こちらのお湯は黄色いです。この色から苔桃の湯という名前になったのだとか。雲上の湯の成分と異なっており、ナトリウム・カルシウム‐硫酸塩・炭酸水素塩泉温泉だそうです。硫黄のにおいは強くなく、湯の花が沈んでいました。
ちなみに冬期は苔桃の湯ではなく、石楠花(しゃくなげ)の湯に入ることになるようです。いつか入ってみたいなあ。
食事・飲み物
今回は1泊2食付きでお願いしましたので、食事もバッチリいただきました。まずは夕食から。ここでの名物はなんといっても「おでん」ではないでしょうか。
おかずはごはんやお酒に合いそうな味の濃い系です。
飲み物も各種そろっています。生ビールも飲めるようです。山小屋価格にしては良心的な気がします。私は次の日が心配だったので、氷結に留めておきました。
朝食はこんな感じです。ごはんがすすむおかずでした。
ごはんを食べる場所はこの「第1食堂」となります。
ごはんについては普通の山小屋という感じで特に不満もないのですが、ひとつ気になることが…。それが片付けなどを優先されているためだとは思うのですが、全く別のお部屋の方と同じテーブル(しかも結構近い)距離で、ごはんを食べることになり、おひつもその方と分け合って食べるのが少々気まずかったです。他のテーブルも空いていたので、できたら別にして、おひつはどこかにまとめておいていただき、足りなければ取りに行くスタイルでもいいかなと思いました。
その他の設備
その他の気になった設備についても紹介しておきます。
充電・電波
充電はお部屋ではできません。新館では入口にありました。1時間100円で、コンセント必須です。

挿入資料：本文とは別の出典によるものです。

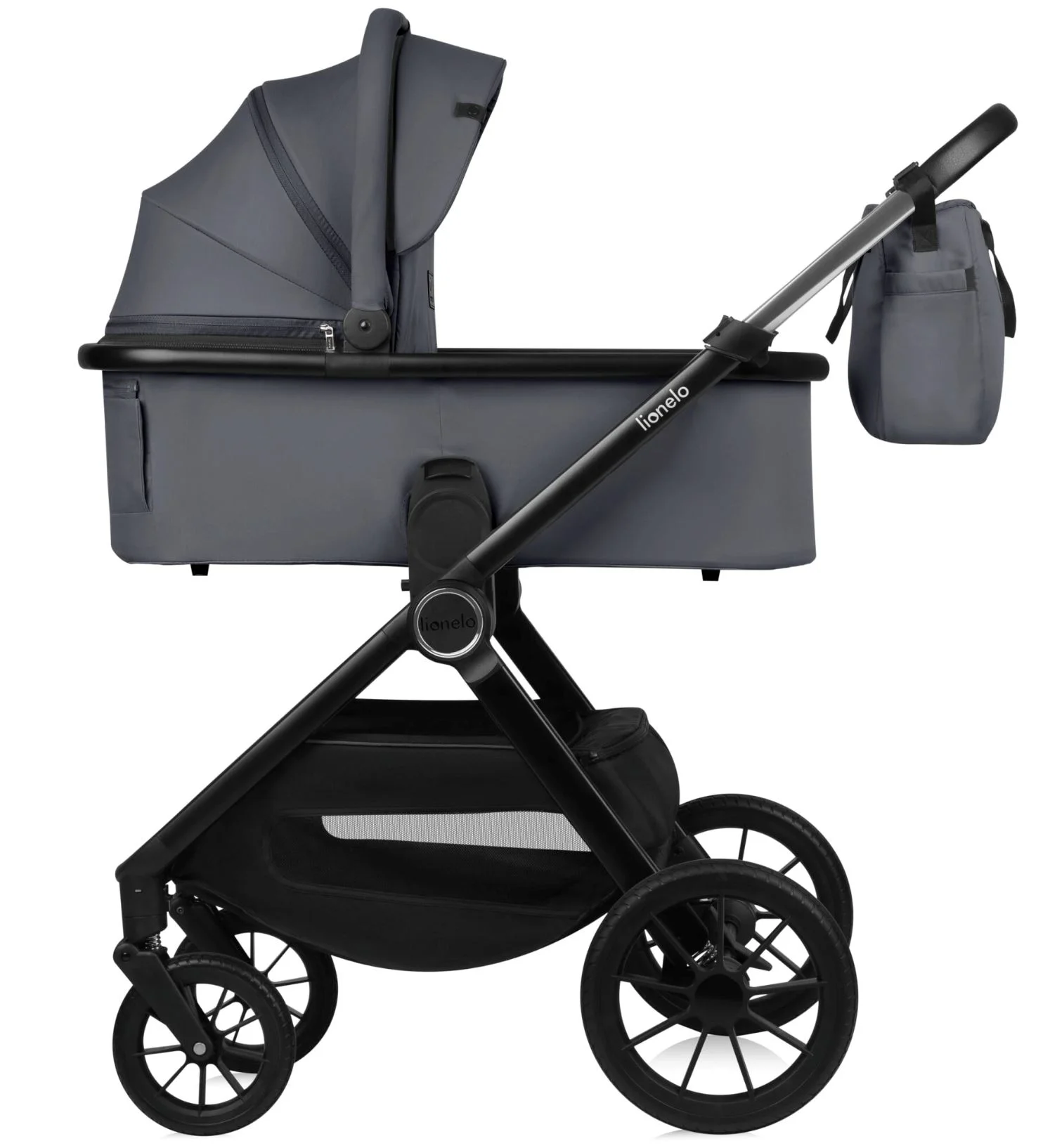 Carucior 2 in 1 Lionelo Layla Gri foto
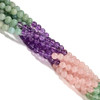 8mm Mix, Amazonite, Amethyst, Rose Quartz, Fluorite, Aventurine, Smooth Round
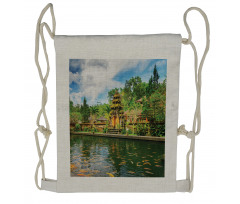 Oriental Fish Lake Sea Drawstring Backpack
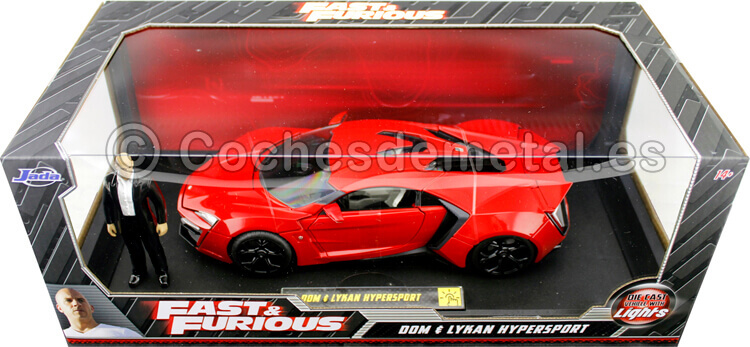 2014 Lykan Hypersport con Luces Fast & Furious + Dom 1:18 Jada Toys 31140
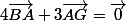 4\vec{BA}+3\vec{AG}=\vec{0}
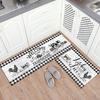 Alfombra de cocina de gallo de dibujos animados de Amazon, juego de dos piezas para cocina europea y americana, alfombrilla para pies absorbente resistente a las manchas, felpudo para el hogar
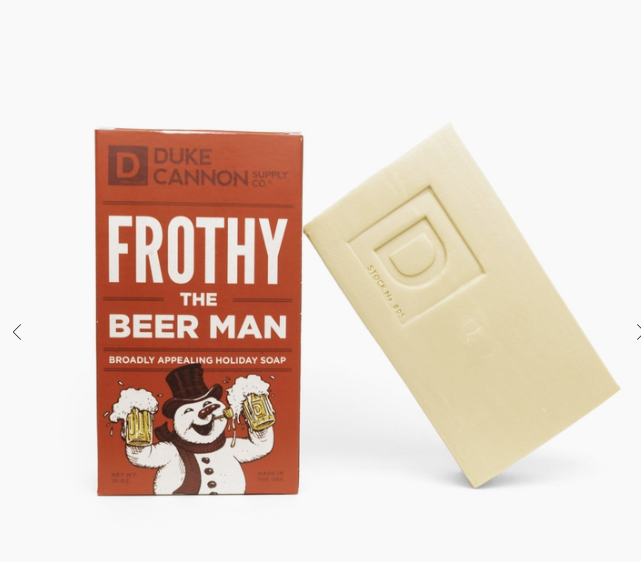 BIG ASS FROTHY BEERMAN SOAP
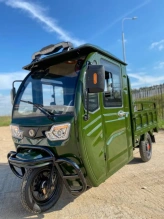 Электротрицикл грузовой Green Camel Тендер D1500 (60V 1000W) кабина, понижающая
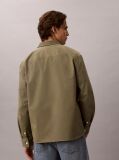 Πράσινο Utility Overshirt Από Άνετο Βαμβάκι  Άνδρας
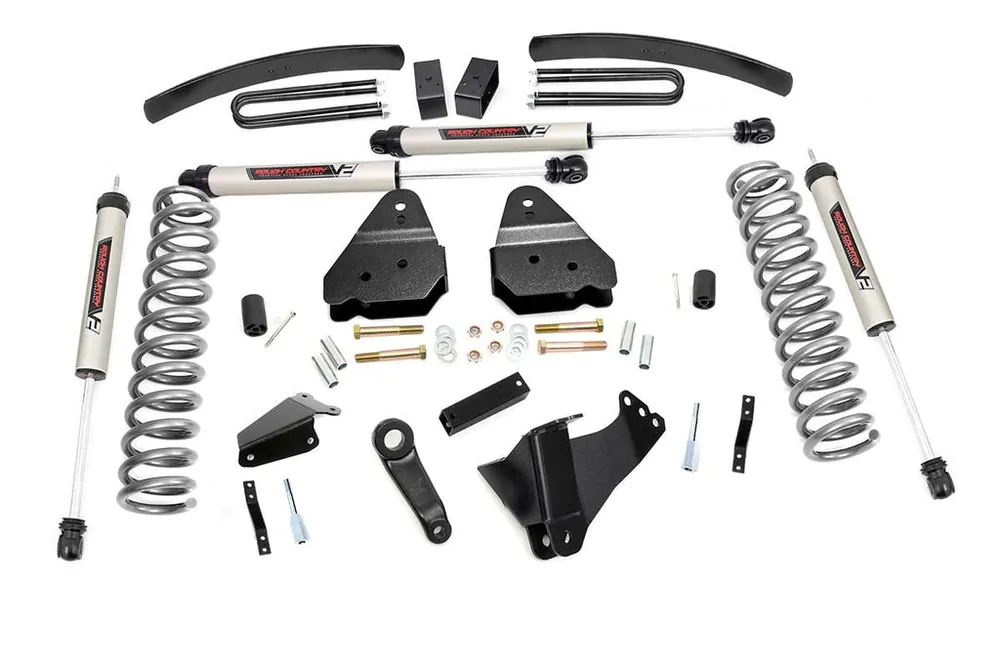6 Inch Suspension Lift Kit 05-07 F-250 4WD-Gas-V2 Monotube Rough Country Bargain
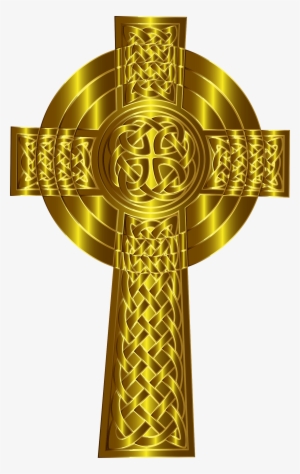 This Free Icons Png Design Of Golden Celtic Cross 6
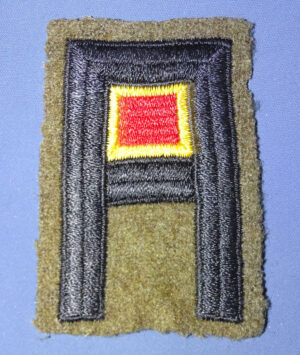 WWII 1st Army Ordnance Patch on Wool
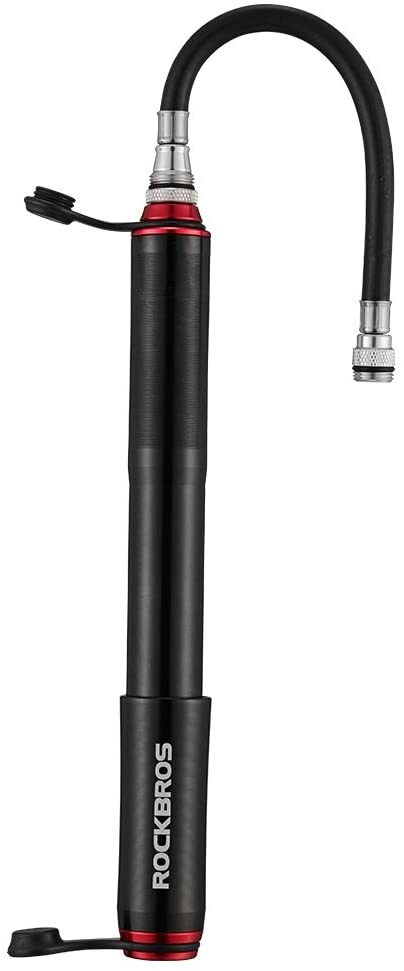 Mini Bicycle Pump 120 PSI Dual Air Pressure Frame-Mounted MTB Road Bike Pump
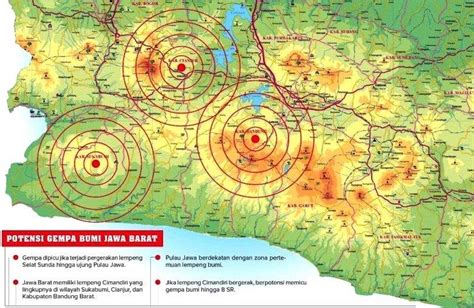 peta rawan gempa bumi jawa barat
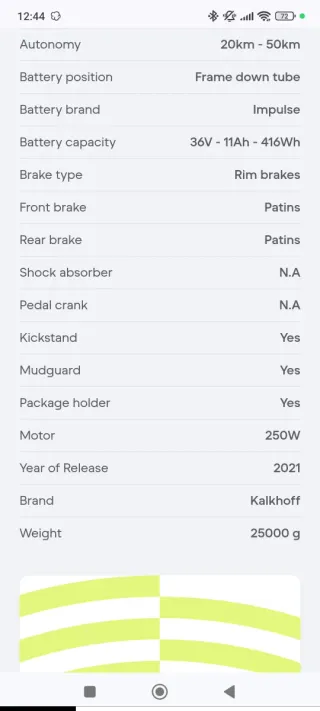 Bicicleta eléctrica Kalkhoff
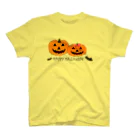 ぽまりにゃ庵のハロウィンかぼちゃンズ スタンダードTシャツ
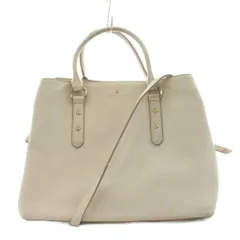 ケイトスペード KATE SPADE ハンドバッグ ショルダーバッグ 2way レザー ベージュ /AN96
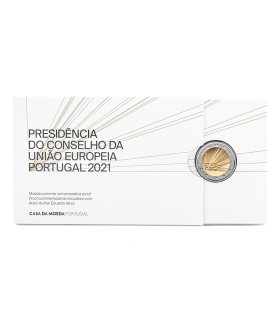 2 Euro BE Portugal 2021 - Presidência do Conselho da Europa 42,99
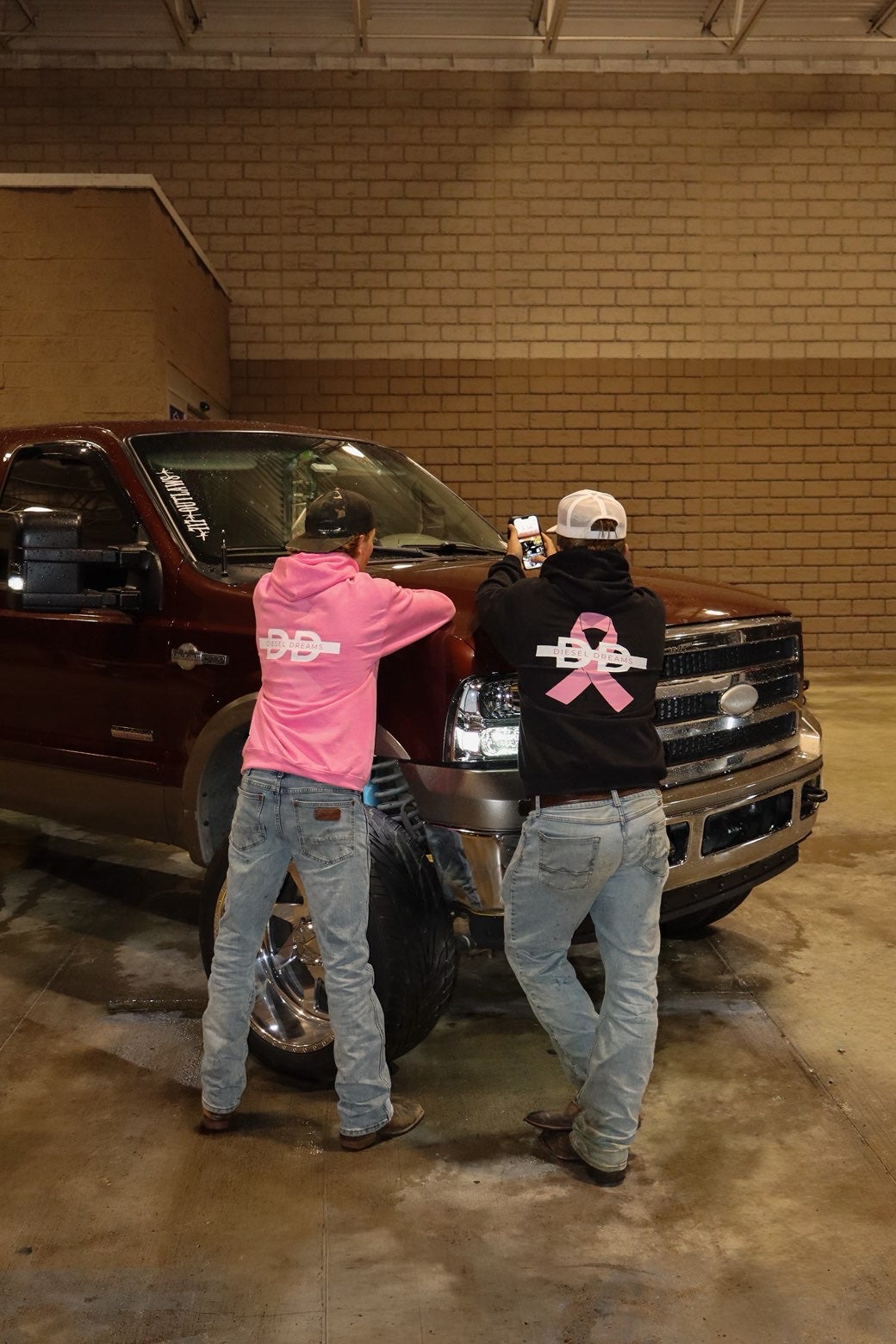 Diesel dreams black breast cancer awareness hoodie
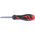 Teng Tools 1/4 in Hexagon Phillips, Pozidriv, Slotted Ratchet Screwdriver, 175 mm length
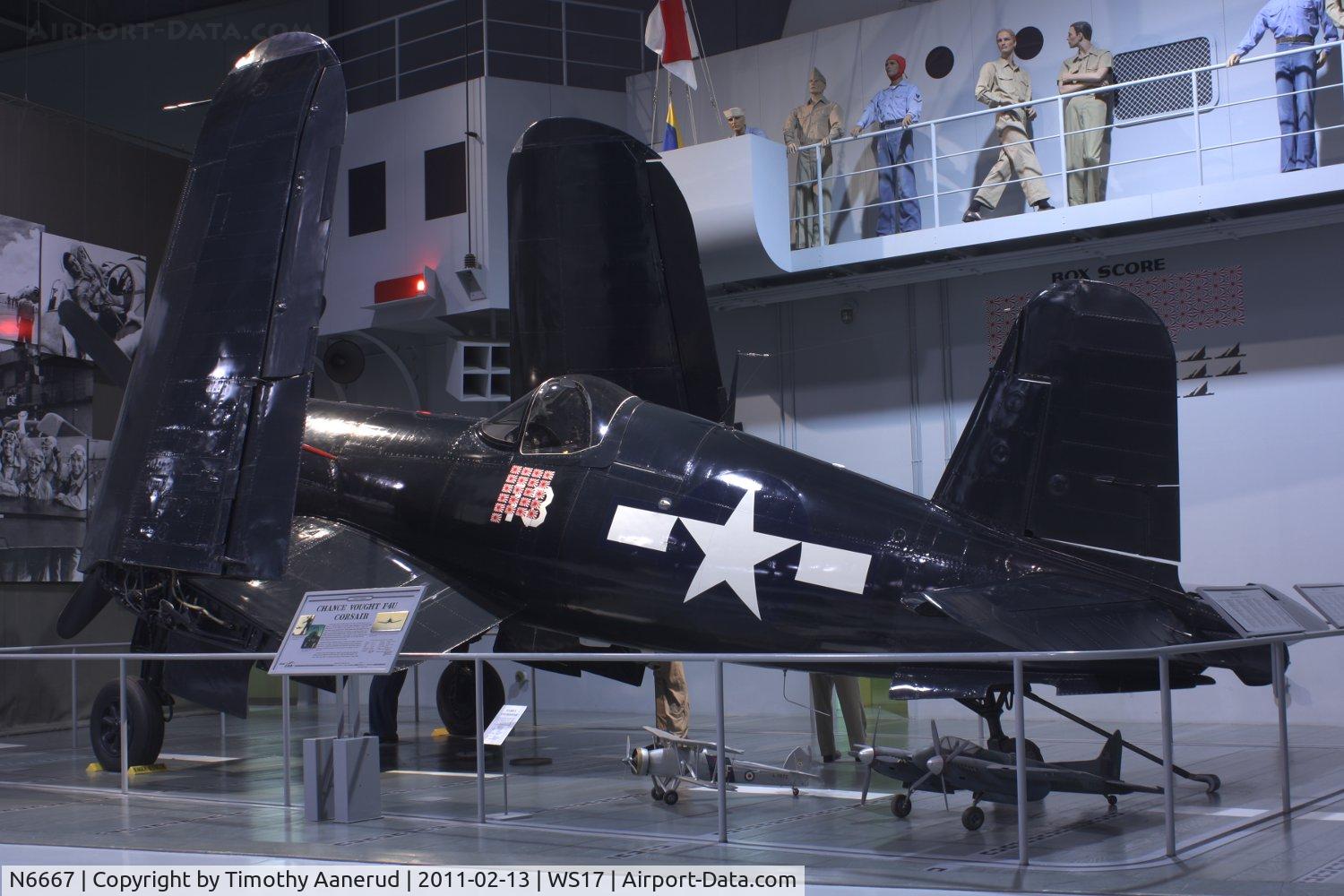 N6667, 1945 Vought F4U-4 Corsair C/N 9413, 1945 Chance Vought F4U-4, c/n: 9413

ただし、私はソフトバンク系の格安スマホなのですが、電波がほとんどありませんでした。完全にゼロではなくて、外に出たり移動したりすると稀にメールを送ったり受信できたりする感じです。お部屋ではまったく通じませんでした。ドコモ系の方がまだ通じるかもしれません。
水・飲料
煮沸せずに飲める水がトイレの前にあります。手洗いにも利用できます。凍結防止のためか、ずっと水が出たままになっていました。
屋外にも飲料水があります。こちらも煮沸不要そうです。天然水だそうで、とてもおいしかったです。テント泊の方はこちらで汲むと良いと思います。
服の乾燥
乾燥室みたいなところはなかったのですが、私たちが行った5月は夜や朝方、暖房をつけてくれていて、この上に洗濯物をハンガーでかけられる場所がありました。お部屋だと乾きが悪かったので、こちらをお借りしました。水着とか気にせず干してました。ごめんよ…。
濡れたものは、こちらにおいておくとよさそうです。新館と旧館をつなぐ場所にあります。
トイレ
男女別で分かれています。もちろん水洗ではありませんが、とてもきれいです。普通に山小屋のトイレを利用されたことのある方なら、使うことに抵抗はないと思います。むしろとても清潔な方だと思います。
料金
2023年6月時点では、素泊まり相部屋で7,000円から個室で一泊2食付きで12,000円と幅があります。昨今の山小屋と同様、不定期で料金は値上げしていそうだったので、最新情報をチェックすることをおすすめします。テント泊は1泊1,000円、温泉は別料金で入る都度かかります。
次に利用するならテント泊か、食事は自炊を入れて楽しんでもいいかなと思いました。
おすすめポイント
本沢温泉は、北八ヶ岳にあり、周りも人気の山小屋に囲まれているためか、なかなか予約がとれないとはならなさそうな雰囲気。テント泊初心者や山小屋デビューとしてもいいのではと思いました。
このような点でポイントが高いです。
- 日本で一番標高が高い露天風呂(秘湯)に入れる
- 泉質の異なる内湯の温泉にも入れる
- 登山口から近く、歩きやすい
- テント泊でも小屋泊でもどちらも利用可能
- 硫黄岳に近い
- 他の山小屋とあわせた縦走にも便利
お風呂好きの方は是非一度行ってみてほしいです。